「田中陽希」と言えば、2014年にNHK・BSを通して「グレートトラバース 日本百名山一筆書き」を達成したことで一気にその名を知られたプロアドベンチャーレーサーです。その彼が先日(12月21日)札幌においてトラバースの勧めを説いた講演を聴く機会を得ました。

12月21日(土)午後、北大の学術交流会館において北海道大学観光学高等研究センターが主催する「山岳観光とアドベンチャーツーリズム」と題するフォーラムに参加しました。
そのフォーラムの特別講演として田中陽希氏が「百名山ブームが続く、トラバースブームの考察」と題してお話されました。

その趣旨は、百名山、二百名山を目ざすという登山が中高年の方々を中心にブームとなっていますが、体力的に大変な方は、山を目ざすのではなく山岳地域を横移動するトラバースも良いですよ、とご自身の体験も交えながらその良さを説くものでした。いわば “垂直移動” から “水平移動” への勧めといった趣旨と受け止めました。
田中氏はご存じのように、百名山ばかりか、その後も二百名山、三百名山を、ただ登山をするだけではなく、登山する山と山の間の全てを “徒歩で移動する” 旅で全てを完遂させたことでもその超人ぶりが話題となった方です。
田中氏は言います。現代において移動するということは、いかに速く目的地に達することができるかが問われているが、“歩く” という行為は、それとはまったく反対の行為であると言います。現代において “歩く文化(習慣)” は薄れていっていると指摘します。確かに “歩く文化(旅)” は非日常の行為ではあるが、スピードが要求される現代だからこそ、ゆっくりズムもまた大切にしたいと主張します。そしてゆっくりズムの “歩く旅” は、そこに人との触れ合いが生まれることが多いと、田中氏は体験の中でのエピソードを交えて紹介してくれました。
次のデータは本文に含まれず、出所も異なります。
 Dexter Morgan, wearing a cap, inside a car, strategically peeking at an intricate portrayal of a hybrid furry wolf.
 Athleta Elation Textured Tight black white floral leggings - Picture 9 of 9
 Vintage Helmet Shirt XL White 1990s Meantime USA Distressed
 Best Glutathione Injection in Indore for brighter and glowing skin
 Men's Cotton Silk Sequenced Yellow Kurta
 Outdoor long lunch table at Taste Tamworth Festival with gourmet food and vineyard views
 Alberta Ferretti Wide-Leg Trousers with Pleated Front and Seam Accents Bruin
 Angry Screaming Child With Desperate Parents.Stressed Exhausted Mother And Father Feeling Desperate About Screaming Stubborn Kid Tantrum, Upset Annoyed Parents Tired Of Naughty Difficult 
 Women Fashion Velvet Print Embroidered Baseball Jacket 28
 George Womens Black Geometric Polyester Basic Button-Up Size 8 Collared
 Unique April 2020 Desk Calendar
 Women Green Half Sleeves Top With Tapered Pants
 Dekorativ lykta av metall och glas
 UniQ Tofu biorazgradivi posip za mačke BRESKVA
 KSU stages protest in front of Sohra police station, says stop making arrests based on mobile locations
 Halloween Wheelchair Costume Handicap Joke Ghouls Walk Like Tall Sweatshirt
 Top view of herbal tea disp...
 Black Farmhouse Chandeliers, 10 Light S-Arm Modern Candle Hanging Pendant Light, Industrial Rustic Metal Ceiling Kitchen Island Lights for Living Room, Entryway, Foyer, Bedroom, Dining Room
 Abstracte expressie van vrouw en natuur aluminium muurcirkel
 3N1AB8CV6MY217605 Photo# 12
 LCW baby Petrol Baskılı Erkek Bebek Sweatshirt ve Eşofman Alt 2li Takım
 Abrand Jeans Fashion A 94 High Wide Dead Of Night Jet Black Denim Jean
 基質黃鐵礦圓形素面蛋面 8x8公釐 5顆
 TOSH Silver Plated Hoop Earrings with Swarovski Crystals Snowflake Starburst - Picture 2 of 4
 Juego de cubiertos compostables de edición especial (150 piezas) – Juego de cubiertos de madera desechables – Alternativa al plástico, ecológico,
※ 田中さんがグレートトラバースで履きつぶしたシューズだそうです。
そして “歩く道” も様々であるとして「登山道」、「木道」、「古道(熊野古道)」、「修験の道」、「農道」等々、多様な道を紹介されました。
最後に田中氏は「五感を通した体験は長く記憶を残す」と話され講演を締め括りました。
私は田中氏のお話を聴きながら深く同意していました。田中氏とは比較にならぬ全くの低レベルの体験ですが、現役をリタイアしてから中山道の「木曽路」や「熊野古道」を歩いたり、夏・冬の「石狩川」沿いを遡ったりした経験から “歩く旅” の醍醐味をそれなりに体験できたことを想い出しています。
今夏の「さっぽろラウンドウォーク」もその延長線にあった体験でした。

※ フォーラムは満員に近い盛況で、田中氏のお話に聴き入りました。
登山がもう私の体力では叶わなくなった今、体力の許すかぎり “歩く” ことを楽しみたいという思いを強くしてくれた田中氏のお話でした。
なお、フォーラムは講演以外のプログラムもあったのですが、所用があり失礼しました。